Preserve the balance of the room by distributing the weight much as you would if it were a disk revolving on a central point. If there is a mantel here on the left, over there somewhere on the right would be a good place for the upright piano. If the cosey corner is in the southeast corner, then the eye instinctively seeks a corresponding piece of capacious seat room in the vicinity of the northwest corner. Continue this thought. Seat your imaginary guests in négligé conversational groups, drawing some of the pieces confidentially near to each other, and you will in a great measure have solved the knack of pleasing furniture arrangement.
To reach this consummation we said that the articles were in the first place appropriate and well chosen, and this, of course, must be the basis of the furnishing scheme.

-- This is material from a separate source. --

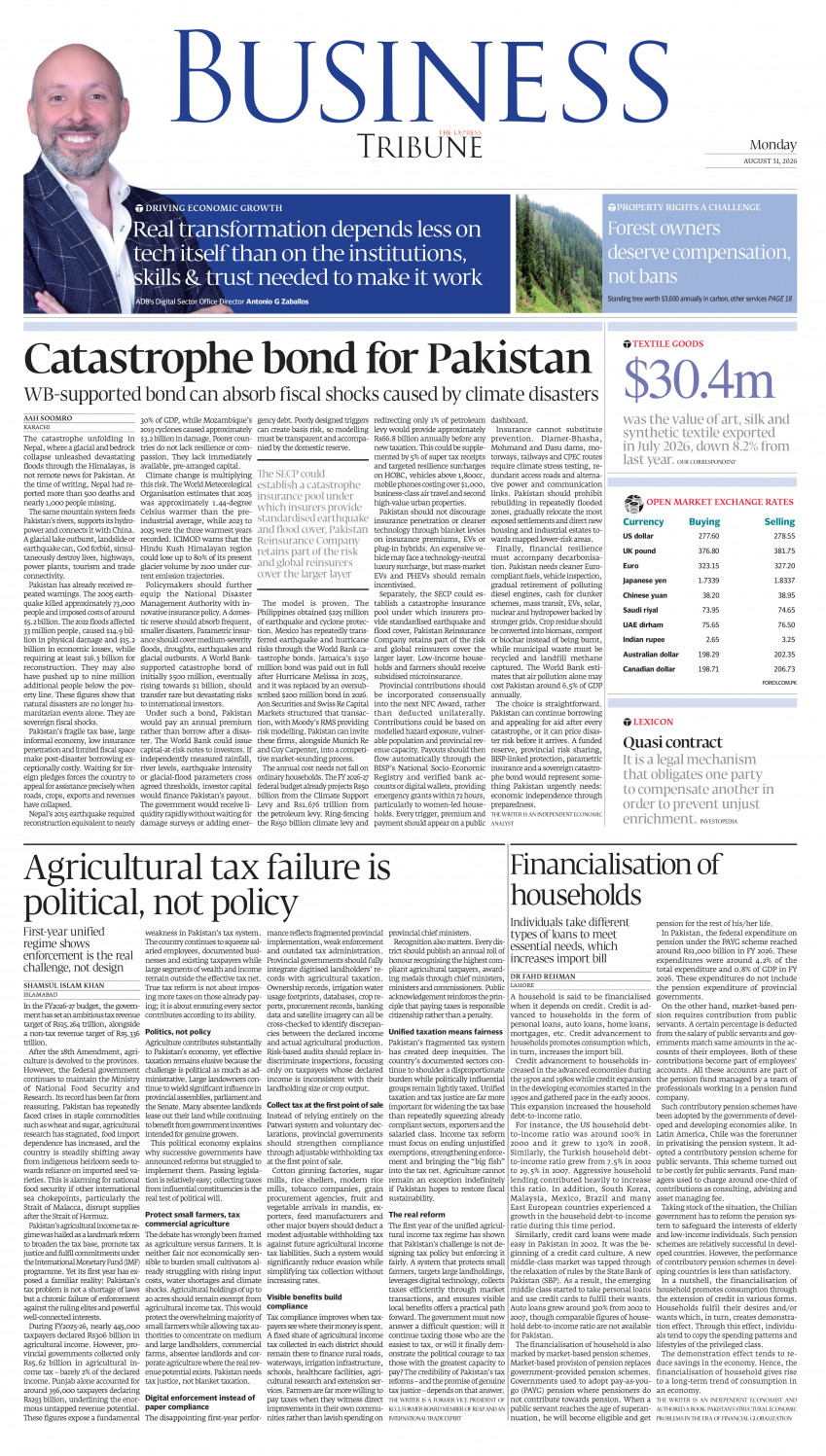 epaper image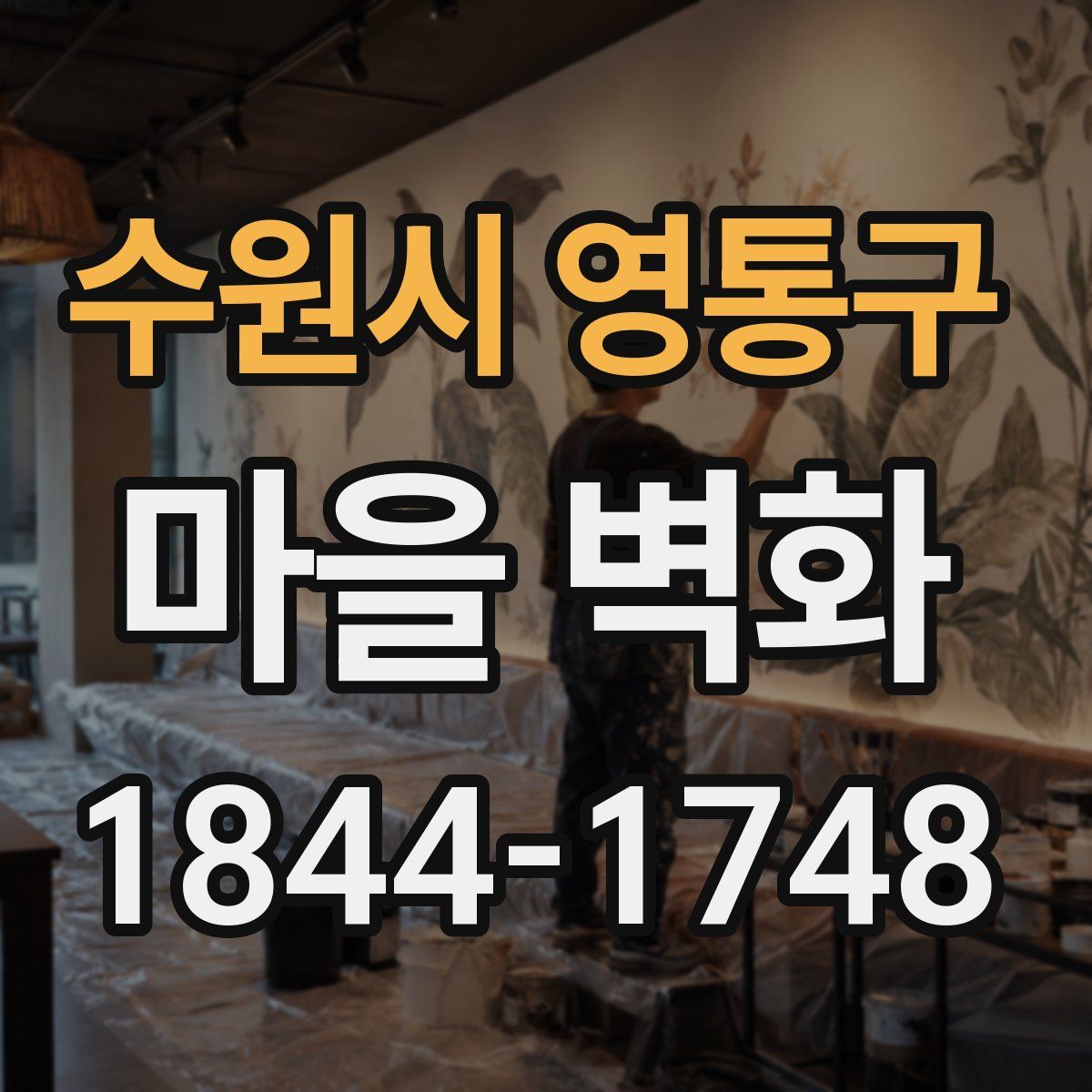 수원시 영통구 마을 벽화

If we might, we would plead for greater simplicity in furniture selection, less of the garishness and more of the subpurposestantiality of goods built to satisfy and to last; not necessarily the cumbersomeness of Mission, but the pleasing styles of Sheraton’s work, where strength was clothed with grace of outline and disguised with unobtrusive ornamentation. We look for a style somewhat similar in character and purpose to grow out of the present Arts and Crafts and Mission, which have appealed so strongly to ornament-satiated appetites; that grace will be added to strength, and chaste ornament to simplicity of construction.
COSEY CORNERS.
All that has been said in regard to appropriateness in general furnishings is true in a concentrated sense of the cosey corner. Applicable and suitable in almost every room of the house, it should be all that the name implies. The simple desire for its possession should be no excuse for its introduction in a location where coziness or even comfort would be an impossibility. A cosey seat should never be placed in a position where its presence would constitute a nuisance, as before a window or in a doorway. It usually appears lonesome away from the wall, and as its atmosphere is retiring it should occupy the least conspicuous position. It is not intended as a single seat, and should therefore be fairly commodious but not oppressively large. And, above all, it should be comfortable.
As to color, the cosey seat and all other large upholstered pieces should follow the dominant color tone of the room, the contrasts being introduced in the smaller pieces.